Gold dipped on Wednesday as a buying spree paused after four straight sessions of gains, but the stronger euro and a bullish price outlook from metals consultancy GFMS provided support.
"The market tone is a bit better, but we have had a bit of risk-back-on in the last day or two. So, I think that is hurting gold somewhat," said Peter Buchanan, senior economist at CIBC World Markets in Toronto.
He said gold should draw more support from investor expectations that the Federal Reserve will refrain from trying to stimulate the US economy with a third round of government bond buying, or quantitative easing, known as QE3.
"We're still doubtful the Fed is going to pull the trigger on QE3, even with the soft US payrolls," he said, noting last week's weaker-than-expected jobs data.
Buchanan said he saw "some hints" that the European Central Bank may take measures to stimulate the euro zone, "so, that's probably supporting sentiment" among gold investors also.
The euro climbed against the dollar and yen, as prospects for more rounds of ECB bond buying calmed jitters over heavily indebted Italy and Spain.
Spot gold was off 0.2 percent at US$1,657.16 an ounce by 3:09 EDT (1909 GMT). US June gold futures finished 40 cents lower at US$1,660.30 per ounce.
On technical charts, gold's losses held well above long-term channel support, steadying above the US$1,611 per ounce low of last week.
"The broader macro environment still remains positive. In the near term, the floor will be set by a combination of how strong investment demand is and how responsive the physical market is," said Suki Cooper, a precious metals analyst at Barclays Capital.
Speculators have cut ownership of US gold futures by more than a quarter since late February, although holdings of the metal in exchange-traded funds remained near the record high above 70m ounces.
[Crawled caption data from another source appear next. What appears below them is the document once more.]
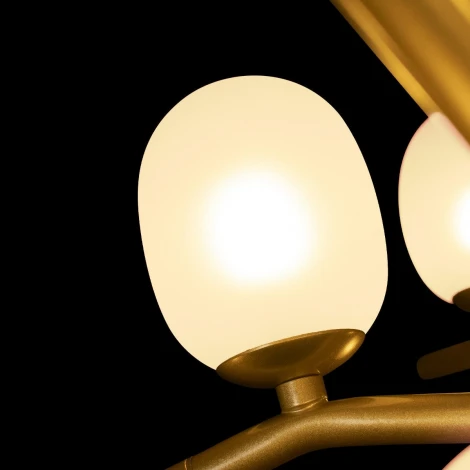 Потолочная люстра на штанге Loft It Sakura 10212/12 Gold (220V)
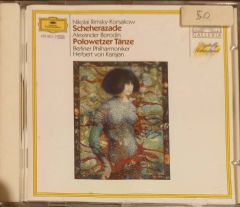 Nikolai Rimsky Korsakow Scheherazade Alexander Borodin Polowetzer Tanze CD
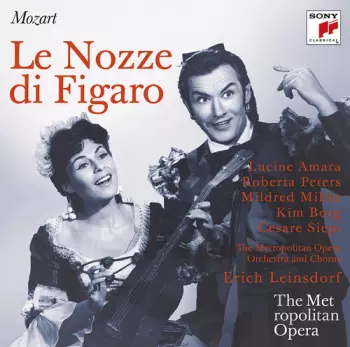 Wolfgang Amadeus Mozart: Le Nozze di Figaro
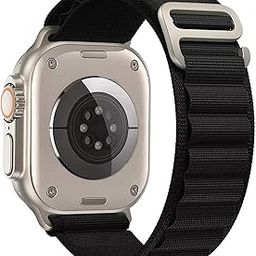 DailyObjects Ridge Watch Strap Compatible with Apple Watch Series 9/8/7 (45mm) | Series SE2/6/SE/5/4 (44mm) | Series10 46mm | Ultra/Ultra 2 -Watch Not Included-image-76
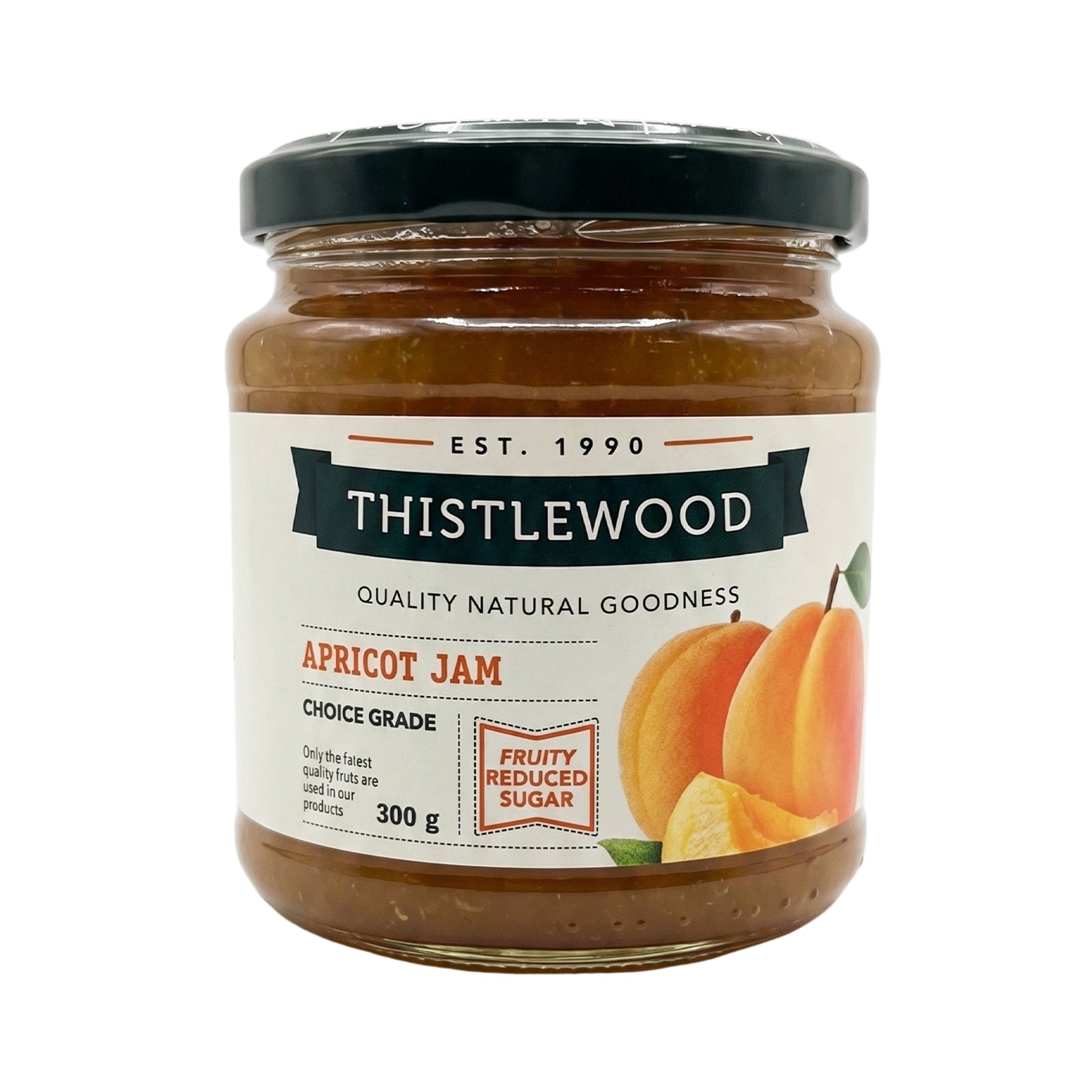 Thistlewood Low GI Apricot Jam 300g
"Gold has found more support recently, but it doesn't have all of the catalysts in place to be driven substantially higher yet," Cooper said.
The correlation between gold and the euro/dollar exchange rate strengthened on Wednesday to its most positive since early January, above 65 percent. That means the gold price is more likely to move in tandem with the single European currency than it was just six weeks ago.
"We think gold will be in a range of US$1,600 to around US$1,690 or US$1,700, which is a fairly wide range. But I think it will be difficult for gold to break out of that range," Standard Bank analyst Walter de Wet said.
"What we are seeing is growing interest to buy in the physical market below US$1,630. Should we drop below US$1,600 the demand will be pretty strong," he said.
Metals consultancy GFMS, a unit of Thomson Reuters, said in its annual outlook for the gold market that a record high price above US$2,000 an ounce next year could mark the peak of the precious metal's bull run of more than decade, as monetary policy in major economies starts to tighten.
For now, gold could drive above US$2,000 on concerns over the euro zone debt crisis and the idea of more US monetary easing, GFMS Chairman Philip Klapwijk told Reuters.
On the demand side, Hong Kong's gold exports to China rose 20 percent in February, as appetite for the precious metal remained strong there.
"On the public level, China's central bank will continue to accumulate gold, which is easier than liberalising their capital account and currency," said Jeremy Friesen, a commodity strategist at Societe Generale.
Accommodative monetary policy will remain an incentive for private investors to buy gold, he added.
Silver fell 0.8 percent to US$31.51 an ounce, pushing the number of ounces of the white metal needed to buy one ounce of gold up to 52.5 from 50 just one week ago, reflecting gold's relative out performance.
Platinum and palladium were lower, with platinum down 1.0 percent at US$1,576.30 an ounce and palladium off 0.7 percent at US$632.28 an ounce.
Earlier, data showed car sales in China cooled in March, following sharp gains in February. That weighed on palladium in particular.
Palladium is used mainly in catalytic converters in the exhaust systems of gasoline powered vehicles. China is now the world's largest car market and is chiefly gasoline-driven.